Illuminating the Intent is Tsongkhapa’s mature and final commentary on Candrakīrti’s Madhyamakāvatāra, completed in 1418, a year before his death. It represents his definitive position on Madhyamaka philosophy. The central argument is that all phenomena are devoid of intrinsic existence — they are posited through mere conceptualisation, like a snake imputed on a rope — yet this emptiness does not negate conventional existence. Everyday transactions remain tenable in a world posited through conception. The key to the entire Madhyamaka enterprise is correctly identifying the object of negation: innate grasping at true existence, not merely intellectual grasping generated by philosophical tenets. Tsongkhapa distinguishes the subtler Prāsaṅgika negation (which rejects all six forms of intrinsic existence) from the coarser Svātantrika negation, and presents the former as the highest view.

Key claims

  • Identifying the object of negation is paramount: Without a clear identification of what “true existence” means and what “grasping at true existence” is, one’s view of emptiness will “certainly go astray.” The innate grasping at true existence — persisting since beginningless time in beings both philosophically trained and untrained — must be identified within one’s own mind, not merely in others’ tenets (Ch 9).
  • Phenomena posited through mere conceptualisation: All phenomena, from persons to vases, are posited through the power of conceptualisation in dependence on their bases of designation. Nothing whatsoever exists on the ultimate level; on the conventional level, nothing exists “other than what are posited as mere designations through conventions such as names” (citing Nāgārjuna’s Ratnāvalī, Ch 9).
  • Snake-on-rope analogy with a crucial qualification: Phenomena are posited by conceptualisation like a snake imputed on a rope. However, unlike the rope-snake, conventional phenomena such as vases do exist, are capable of effective functions.

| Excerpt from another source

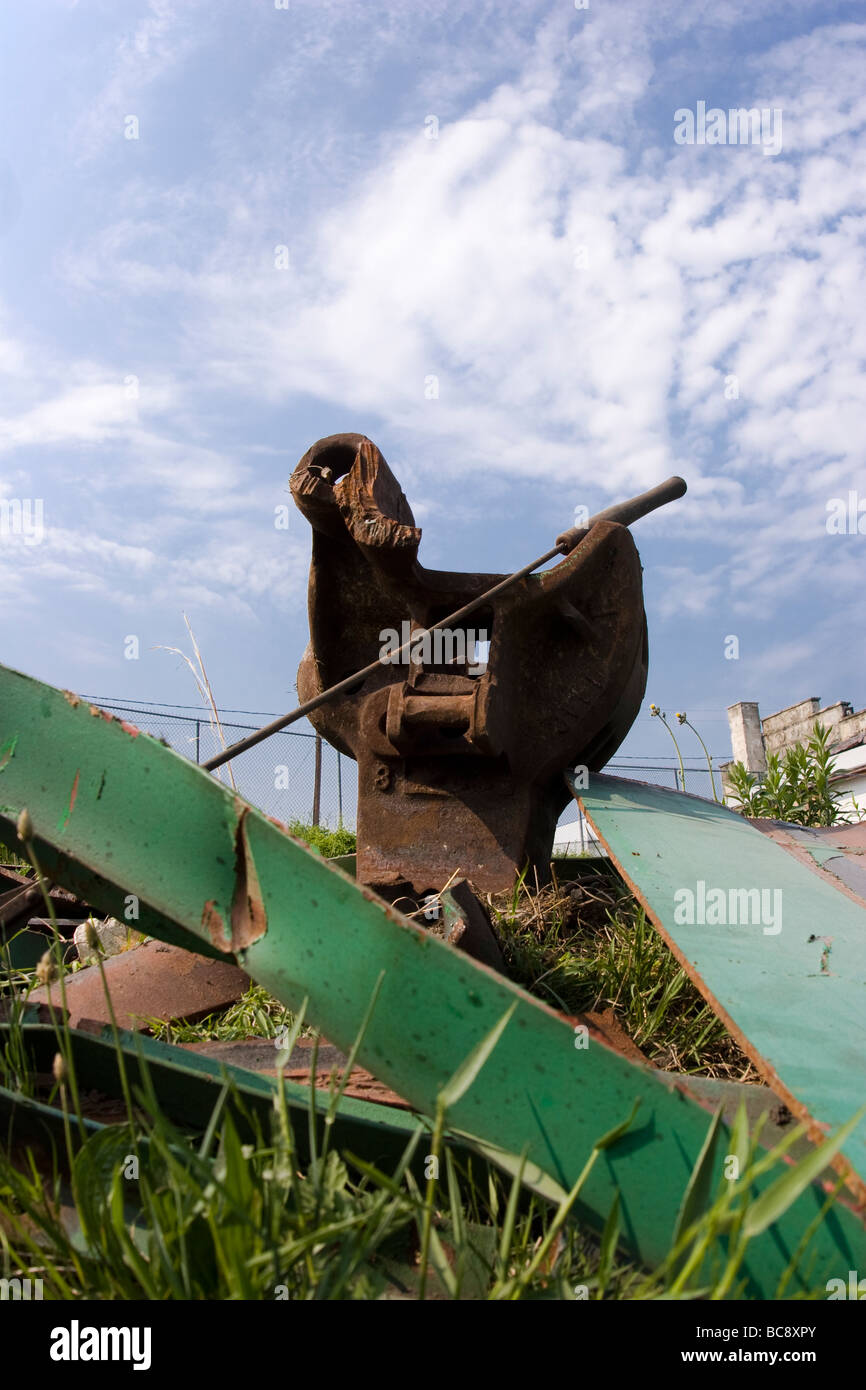 Railroad car coupler drawbar left over from a wreck reaches skyward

The distinction lies in whether conventions remain essential for everyday transaction and whether their usage is susceptible to invalidation by valid cognition (Ch 9).
  • Six synonyms for the object of negation: “True existence,” “ultimate existence,” “absolute existence,” “existence by virtue of essential nature,” “existence through intrinsic characteristic,” and “intrinsic existence.” Svātantrika accepts the last three conventionally; Prāsaṅgika negates all six (Ch 9).
  • Two truths as dual natures of a single entity: Even a single entity such as a sprout has two natures — conventional and ultimate — that are identical in nature but have distinct conceptual identities, like “being produced” and “being impermanent.” The two truths are exhaustive: no third truth is possible (Ch 11, on MA 6.23).
  • Ultimate truth IS an object of knowledge: Against those who claim that ultimate truth is not knowable in Candrakīrti’s system, Tsongkhapa insists it is — just because something is obtained by meditative equipoise does not make it truly existent. Candrakīrti himself states that it is “not established through its own essence” (Ch 11).
  • Two senses of “ultimate”: (a) Rational cognition (hearing, reflection, meditation) characterised as “ultimate” — phenomena are established by such cognition. (b) Existence through a thing’s own objective mode of being, not by virtue of the power of cognitions — phenomena are not established in this sense. Innate grasping at true existence grasps in the second sense only (Ch 9).
  • Conventional truth: veridical vs. distorted: Within conventional truth, unimpaired senses yield veridical cognitions; impaired senses yield distorted ones. But this distinction holds only from the worldly perspective, not from the ārya perspective, where both are equally mistaken regarding the appearance of intrinsic characteristics (Ch 11, on MA 6.24-25).
  • “Mind only” does not reject external reality: The Ten Grounds Sutra’s “mind only” statement rejects an eternal self or creator other than mind — it does not negate external objects. Tsongkhapa follows Candrakīrti in critiquing the Cittamātra reading of this passage (Ch 15, on MA 6.84-88).
  • Prāsaṅgika as unique tradition: The way everyday transactions remain tenable in a world posited through conceptualisation represents “a unique tradition of interpreting the noble Nāgārjuna” by Buddhapālita, Śāntideva, and Candrakīrti (Ch 9).

Methodology

Tsongkhapa’s method is systematic commentary: he reads Candrakīrti’s root verses and autocommentary line by line, drawing on the Ten Grounds Sutra, Nāgārjuna’s Treatise on the Middle Way and Ratnāvalī, Āryadeva’s Four Hundred Stanzas, Kamalaśīla’s Light of the Middle Way, and other Indian sources. His approach is scholastic — he distinguishes positions carefully, taxonomises sub-schools (Svātantrika/Prāsaṅgika), draws fine conceptual distinctions (two senses of “ultimate,” six synonyms for the object of negation), and uses analogies pedagogically. He presents the Svātantrika position first as preparation for the subtler Prāsaṅgika view — a graduated pedagogical approach.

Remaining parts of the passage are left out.